For the records that follow, please set down exactly the lines between the one holding "Timeless Grace: Vietnamese" and the one holding "Inviting foyer with", inclusive, and only those.

[Start of section]

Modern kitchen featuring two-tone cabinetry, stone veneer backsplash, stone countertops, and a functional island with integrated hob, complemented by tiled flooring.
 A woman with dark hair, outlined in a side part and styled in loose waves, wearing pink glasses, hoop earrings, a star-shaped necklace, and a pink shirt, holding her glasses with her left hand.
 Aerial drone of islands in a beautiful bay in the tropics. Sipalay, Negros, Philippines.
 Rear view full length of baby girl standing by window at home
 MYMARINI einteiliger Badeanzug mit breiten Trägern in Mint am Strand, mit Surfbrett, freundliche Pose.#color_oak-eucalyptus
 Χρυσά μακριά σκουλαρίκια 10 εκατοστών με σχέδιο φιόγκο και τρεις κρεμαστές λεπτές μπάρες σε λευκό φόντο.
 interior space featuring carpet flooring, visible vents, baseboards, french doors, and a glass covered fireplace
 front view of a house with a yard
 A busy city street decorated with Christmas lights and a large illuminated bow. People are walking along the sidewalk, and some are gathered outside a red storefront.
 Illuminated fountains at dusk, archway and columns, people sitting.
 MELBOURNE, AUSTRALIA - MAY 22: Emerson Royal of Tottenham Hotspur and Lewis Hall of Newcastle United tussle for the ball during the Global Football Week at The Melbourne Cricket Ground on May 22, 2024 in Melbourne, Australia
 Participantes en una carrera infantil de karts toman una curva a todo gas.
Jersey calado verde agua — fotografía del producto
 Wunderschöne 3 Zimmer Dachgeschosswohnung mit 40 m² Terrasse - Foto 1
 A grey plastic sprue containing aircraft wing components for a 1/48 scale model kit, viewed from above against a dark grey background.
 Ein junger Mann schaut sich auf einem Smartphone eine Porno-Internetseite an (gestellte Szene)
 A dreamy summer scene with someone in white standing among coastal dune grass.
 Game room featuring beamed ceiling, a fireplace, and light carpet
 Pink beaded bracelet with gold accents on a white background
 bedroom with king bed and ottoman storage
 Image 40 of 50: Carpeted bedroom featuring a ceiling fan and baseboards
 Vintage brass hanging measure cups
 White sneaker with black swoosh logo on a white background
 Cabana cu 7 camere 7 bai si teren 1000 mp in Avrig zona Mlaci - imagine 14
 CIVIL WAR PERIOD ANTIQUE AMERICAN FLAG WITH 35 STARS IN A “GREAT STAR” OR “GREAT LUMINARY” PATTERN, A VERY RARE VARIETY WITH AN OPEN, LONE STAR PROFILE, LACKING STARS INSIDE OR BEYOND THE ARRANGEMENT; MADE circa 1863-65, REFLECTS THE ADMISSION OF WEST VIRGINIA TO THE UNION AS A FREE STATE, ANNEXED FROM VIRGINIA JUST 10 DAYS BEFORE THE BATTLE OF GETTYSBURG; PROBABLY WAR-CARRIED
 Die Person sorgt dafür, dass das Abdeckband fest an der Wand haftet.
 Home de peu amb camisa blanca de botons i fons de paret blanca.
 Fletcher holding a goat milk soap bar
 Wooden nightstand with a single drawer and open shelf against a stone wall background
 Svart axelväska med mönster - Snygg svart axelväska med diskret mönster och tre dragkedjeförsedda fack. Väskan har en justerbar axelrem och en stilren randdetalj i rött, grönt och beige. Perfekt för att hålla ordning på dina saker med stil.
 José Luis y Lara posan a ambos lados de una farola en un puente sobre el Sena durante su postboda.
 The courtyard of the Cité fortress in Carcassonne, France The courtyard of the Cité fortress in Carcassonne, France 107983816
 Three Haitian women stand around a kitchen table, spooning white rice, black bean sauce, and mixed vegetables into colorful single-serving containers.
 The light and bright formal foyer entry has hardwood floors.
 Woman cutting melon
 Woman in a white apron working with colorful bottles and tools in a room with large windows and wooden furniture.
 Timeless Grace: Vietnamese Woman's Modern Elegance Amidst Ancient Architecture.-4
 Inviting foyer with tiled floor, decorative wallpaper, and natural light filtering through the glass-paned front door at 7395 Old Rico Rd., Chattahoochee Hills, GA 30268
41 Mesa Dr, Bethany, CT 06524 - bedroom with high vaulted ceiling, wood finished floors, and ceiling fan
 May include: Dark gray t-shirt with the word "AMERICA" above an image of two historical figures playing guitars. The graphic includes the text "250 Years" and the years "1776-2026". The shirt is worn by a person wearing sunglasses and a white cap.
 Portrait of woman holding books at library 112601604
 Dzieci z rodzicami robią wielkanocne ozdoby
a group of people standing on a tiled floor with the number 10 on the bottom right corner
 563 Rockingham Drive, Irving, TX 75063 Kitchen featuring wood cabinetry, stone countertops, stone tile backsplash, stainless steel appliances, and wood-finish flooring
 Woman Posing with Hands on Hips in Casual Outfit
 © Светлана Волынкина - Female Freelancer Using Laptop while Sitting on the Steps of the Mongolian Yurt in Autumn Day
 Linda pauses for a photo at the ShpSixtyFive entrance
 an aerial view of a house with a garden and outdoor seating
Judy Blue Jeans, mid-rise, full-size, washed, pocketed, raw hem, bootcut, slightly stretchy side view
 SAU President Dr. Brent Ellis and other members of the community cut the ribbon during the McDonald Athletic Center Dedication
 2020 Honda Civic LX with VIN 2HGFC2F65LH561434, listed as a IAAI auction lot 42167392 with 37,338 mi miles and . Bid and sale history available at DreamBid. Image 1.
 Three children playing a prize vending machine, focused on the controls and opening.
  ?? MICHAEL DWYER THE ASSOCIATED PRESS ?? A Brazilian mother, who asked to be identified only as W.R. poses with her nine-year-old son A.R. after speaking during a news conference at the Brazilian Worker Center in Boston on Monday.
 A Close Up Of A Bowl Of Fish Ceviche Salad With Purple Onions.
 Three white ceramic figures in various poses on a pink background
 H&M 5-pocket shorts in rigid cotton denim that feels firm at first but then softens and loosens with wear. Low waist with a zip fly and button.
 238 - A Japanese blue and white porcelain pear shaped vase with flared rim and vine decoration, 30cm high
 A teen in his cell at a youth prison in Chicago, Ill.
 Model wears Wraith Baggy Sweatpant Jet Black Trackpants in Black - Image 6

[End of section]

### Answer for this exercise
 Timeless Grace: Vietnamese Woman's Modern Elegance Amidst Ancient Architecture.-4
 Inviting foyer with tiled floor, decorative wallpaper, and natural light filtering through the glass-paned front door at 7395 Old Rico Rd., Chattahoochee Hills, GA 30268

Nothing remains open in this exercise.